Supabase is the most feature-complete OSS Firebase alternative, providing Postgres instead of NoSQL, authentication, storage, real-time subscriptions, and serverless functions — self-hostable or managed. PocketBase is a single Go binary with a built-in SQLite backend covering auth, storage, and real-time for smaller projects. Appwrite provides a comparable feature set with multi-platform SDK support. The main gaps: Firebase's Crashlytics, Performance Monitoring, and A/B Testing features have no direct OSS equivalents. Firestore's NoSQL data model requires data model changes when migrating to Supabase's Postgres; this is the largest migration challenge.

Migration tips

  • Export Firestore data using firebase-tools (firebase firestore:export) to a JSON/NDJSON format
  • Write a migration script to convert Firestore's document-collection model to Supabase's relational tables — this requires schema design decisions
  • Migrate Firebase Authentication users via the Auth REST API export and import into your OSS tool's auth system
  • Recreate Firebase Cloud Functions as Supabase Edge Functions or Appwrite Functions — function logic ports but API surface differs
  • Update all client SDKs from Firebase SDK to your target's SDK and test each auth flow, real-time listener, and storage operation

Which alternative should you pick?

We don't believe in a single "best" answer here — the right project depends on your license constraints, team size, and tolerance for early-stage tooling. The 4 projects above each have a distinct profile. Use this decision tree:

  • You want the most active community and the lowest risk of abandonmentsupabase. 104,573★ — the largest user base in this list, which usually means more StackOverflow answers, more plugins, and more deployment runbooks online.

License & commercial-use notes

For an open-source replacement the license often matters more than any single feature — it decides whether you can modify the project, embed it in a product, or offer it as a hosted service. Here is how the 4 projects on this page break down:

  • Permissive (supabase, pocketbase, appwrite, nhost) — MIT / Apache / BSD / ISC — modify and embed inside a commercial product with no copyleft obligation. The safest bucket for shipping in a proprietary codebase.

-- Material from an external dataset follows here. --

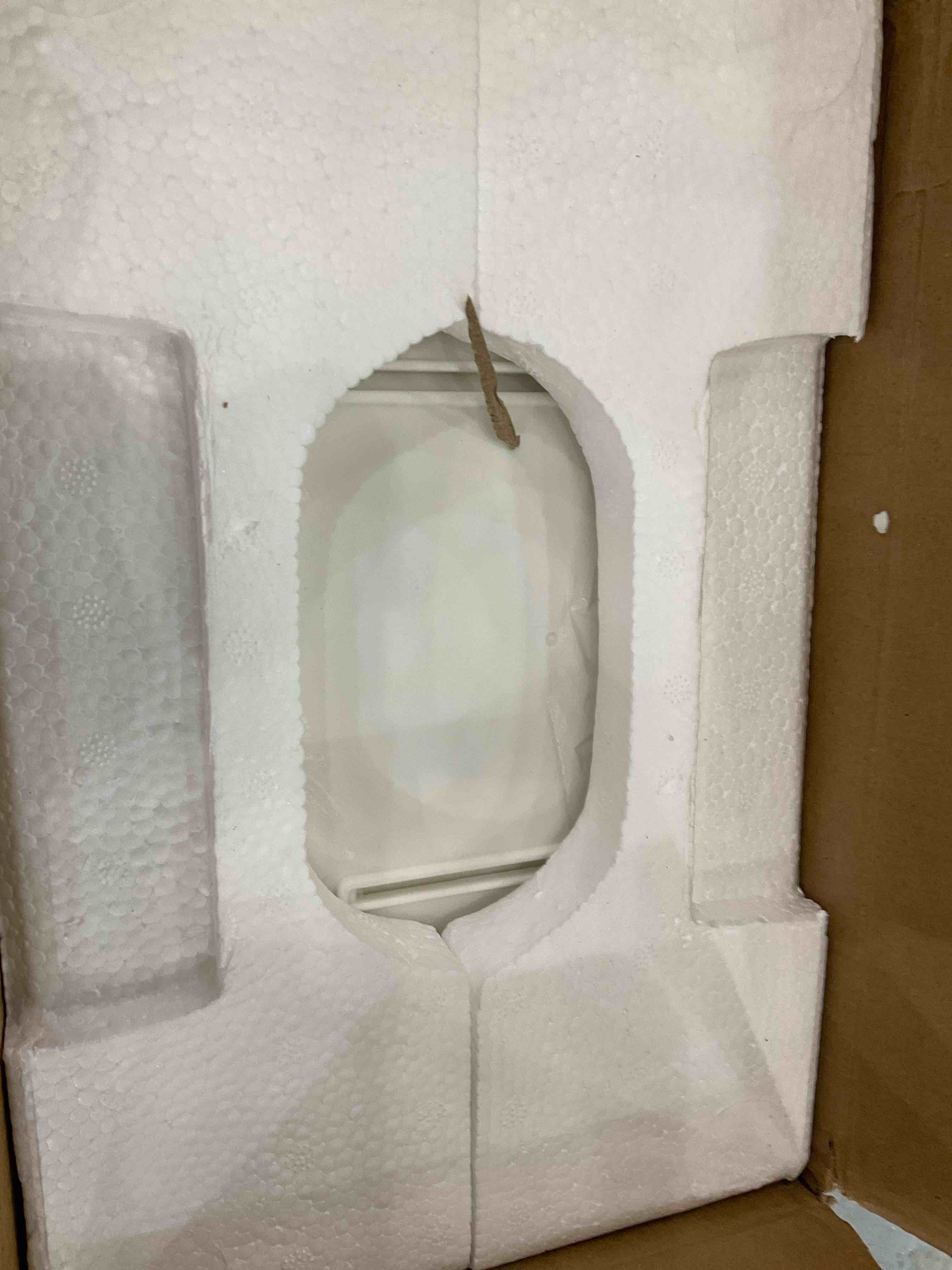 https://s3.amazonaws.com/lotting-images-prod/bidfta/EXS00968143_1703182547944.jpeg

License fields come from the GitHub API's SPDX classification and can lag a relicense. The repository linked on each card is authoritative — confirm its LICENSE file before any license-sensitive deployment.

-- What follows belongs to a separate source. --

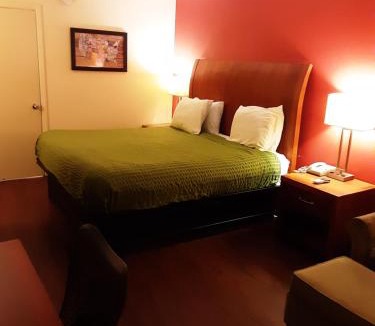 Griffin Hotel | Econo Lodge Inn & Suites Griffin North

Maintenance health of these 4 projects

Of the 4 projects listed, 4 shipped at least one commit in the last 12 months. See how we rank for the full criteria and our self-hosting cost reality check, which apply across every comparison on this site.

Frequently asked questions

How do these 4 alternatives compare on maintenance health?

4 of 4 have shipped a commit in the last 12 months. At least one project here has 5,000+ GitHub stars, which usually correlates with sustained maintainership. Always check the last-pushed date in the cards above and read the latest 5 closed issues — those two signals together catch 80% of abandoned-project cases.

How this page was compiled

  • Repository facts (stars, license, language, last commit) come straight from the GitHub public API and are linked on each card as the primary source.
  • Editorial analysis is drafted from Firebase's use case and the alternatives' repository metadata, then reviewed by hand.
  • Maintenance signal: 4 of 4 projects shipped a commit in the last 12 months as of the latest rebuild (most recent activity: ).
  • Last editorial review: by Yusuke Morinaga.
  • Spotted an error? Email [email protected] with the page URL (subject prefix [correction]) — we ship corrections within 14 days.